Marcel retient son souffle. Cruellement, ma sœur Rita lui visse la partie effilée de la bougie rose dans l’anus. Elle commence à pousser…

— Doucement, putain, tu fais mal… tu fais mal !

— Tu n’as qu’à t’ouvrir… ça rentrera tout seul !

Elle continue à pousser ; horrifié, je regarde le cylindre de cire rose s’engloutir dans la chair blême. Marcel ne proteste plus, les yeux fixes, il contemple dans le vide quelque chose qui paraît le terrifier (peut-être son avenir ?) tandis que ma sœur, qui a introduit entièrement la bougie, la laisse ressortir toute seule, puis, au dernier moment, la renfonce brutalement et, d’un va-et-vient mécanique de piston, la fait coulisser pour éveiller la femme qui se cache dans le ventre de Marcel. Et c’est cette femme inconnue que nous entendrons gémir, d’une voix aiguë, alors que le sperme aspergera les dalles du patio. En accouchant d’elle par le cul, Marcel poussera une longue plainte angoissée, et s’affaissera en sanglotant aux pieds de Gladys.

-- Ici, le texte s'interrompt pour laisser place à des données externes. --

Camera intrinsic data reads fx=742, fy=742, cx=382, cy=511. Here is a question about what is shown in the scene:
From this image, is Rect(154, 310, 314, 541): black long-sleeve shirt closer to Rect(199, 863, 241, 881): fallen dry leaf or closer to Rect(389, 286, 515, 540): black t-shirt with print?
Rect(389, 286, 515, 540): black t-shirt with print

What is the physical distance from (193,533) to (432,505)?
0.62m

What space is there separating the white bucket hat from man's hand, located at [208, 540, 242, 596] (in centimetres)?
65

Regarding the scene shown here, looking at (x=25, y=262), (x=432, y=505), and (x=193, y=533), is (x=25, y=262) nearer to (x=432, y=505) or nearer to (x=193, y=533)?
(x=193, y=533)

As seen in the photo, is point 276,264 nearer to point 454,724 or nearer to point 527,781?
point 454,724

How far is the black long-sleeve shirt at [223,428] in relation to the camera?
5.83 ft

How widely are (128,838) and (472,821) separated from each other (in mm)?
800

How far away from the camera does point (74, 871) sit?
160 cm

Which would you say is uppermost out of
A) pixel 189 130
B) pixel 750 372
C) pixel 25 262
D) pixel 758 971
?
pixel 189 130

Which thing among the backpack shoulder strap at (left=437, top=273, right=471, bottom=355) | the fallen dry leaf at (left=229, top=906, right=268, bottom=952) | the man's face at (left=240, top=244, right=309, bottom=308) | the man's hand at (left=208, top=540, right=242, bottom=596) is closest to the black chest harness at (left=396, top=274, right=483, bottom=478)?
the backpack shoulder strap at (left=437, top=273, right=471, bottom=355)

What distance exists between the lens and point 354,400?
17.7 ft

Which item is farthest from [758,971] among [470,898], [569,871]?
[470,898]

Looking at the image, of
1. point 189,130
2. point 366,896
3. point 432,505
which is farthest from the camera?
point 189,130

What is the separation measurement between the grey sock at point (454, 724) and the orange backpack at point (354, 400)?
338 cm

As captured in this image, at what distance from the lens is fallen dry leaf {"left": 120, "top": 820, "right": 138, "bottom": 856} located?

La crise passée, il remontera son pantalon, et sourd aux quolibets cruels des filles – « Alors, Marceline, on a donné son trou » –, pacifié, presque dédaigneux, il regagnera son territoire, la galerie où l’attendent ses Cinémonde, ses Film-complet et Mickey le Castrat, le gros chat roux d’Arnica, qui est son seul ami.

En entamant mon premier chapitre, mon intention n’était pas de consacrer tant de pages aux mornes plaisirs de Marcel ; mes souvenirs en ont décidé autrement ; c’est chose faite, maintenant, et je ne vais pas déchirer ce que j’ai écrit. D’autant moins que je ne compte pas revenir sur lui, dans le cours de ce volume. Et ni non plus sur Arnica, notre autre voisine ; Arnica, « la sage Arnica », qui s’était taillé dans le quartier une réputation de sainte nitouche, d’oie blanche montée en graine.

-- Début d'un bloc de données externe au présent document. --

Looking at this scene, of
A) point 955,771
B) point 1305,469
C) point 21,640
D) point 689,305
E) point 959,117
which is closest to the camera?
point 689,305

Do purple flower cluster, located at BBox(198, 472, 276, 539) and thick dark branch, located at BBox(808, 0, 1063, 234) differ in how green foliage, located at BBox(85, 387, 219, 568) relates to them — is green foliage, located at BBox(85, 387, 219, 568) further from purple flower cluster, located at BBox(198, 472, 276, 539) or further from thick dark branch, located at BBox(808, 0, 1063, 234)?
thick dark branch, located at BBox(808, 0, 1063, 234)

Laissons les étrangers pour l’instant ; à partir du chapitre suivant, je voudrais ne plus me consacrer qu’aux démêlés intimes de la « tribu ». Quant au reste de la famille, et notamment nos cousins Ludovic et Bergame, les enfants d’Angèle, l’aînée de mes tantes, il n’en sera question que bien plus tard. Je vais me contenter maintenant de vous donner un aperçu des rapports équivoques et compliqués que nous avions entre nous, grands et moins grands, et dont le nœud central était constitué par l’attirance perverse que ma mère et moi éprouvions l’un pour l’autre, attirance dont tous les autres membres de la famille étaient les témoins impuissants et qui, malgré leur réprobation plus ou moins tacite, nous poussait candidement vers l’inceste.